The woman—Daffodil Carlisle—was referring to the group of men gathered around the pool tables at the other end of Ralphie’s pub.
“Daff, you go over these rules every time we come here. I think we all get it by now,” a drop-dead gorgeous mixed-race woman with sleek black hair retorted, raising her voice to be heard over the noise of the pub.
“Do you, Charity?” Daff responded tartly. “Do you really? Because we all remember the time I caught you snogging Miles in front of the ladies’ restroom.”
“A lapse,” Charity said with an airy wave of her hand. “And I’ve already apologized for breaking one of your sacrosanct ladies’ night rules. I don’t see why we have to keep rehashing my momentary weakness. The man looks great in jeans. I couldn’t help myself.”

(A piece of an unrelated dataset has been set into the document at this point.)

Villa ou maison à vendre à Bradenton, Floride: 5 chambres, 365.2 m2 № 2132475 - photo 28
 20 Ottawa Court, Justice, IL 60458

“The rules bear repeating,” Daffodil insisted primly. “Especially since we have a new member in our midst.”
She pointed at Kenny, who flushed uncomfortably.
“I won’t talk to them,” she promised. “I barely know any of them.”
Well, that wasn’t strictly true. But the one she did know would be spending the evening studiously ignoring her. And vice versa.
She eyed the group of tall, good-looking guys again.
There was an inordinate amount of attractive people in this town.
Was there something in the water here? There were—as far as she knew, thanks to Tina’s gossipy intel at the start of the evening—two sets of brothers in the group. Tina’s own husband, Harris, was a twin.
The shared DNA among some of them explained the good looks, but the remaining two men in the group were also very attractive.
And then there was the seventh.
Smith.
She hadn’t expected to see him here tonight. But of course, if all his friends were here, it wouldn’t be fair to expect him to stay away just because Kenny happened to be here too.
Why hadn’t he told her that he’d be here tonight? They’d agreed to communicate these matters to each other just that morning and he’d fallen down at the first hurdle.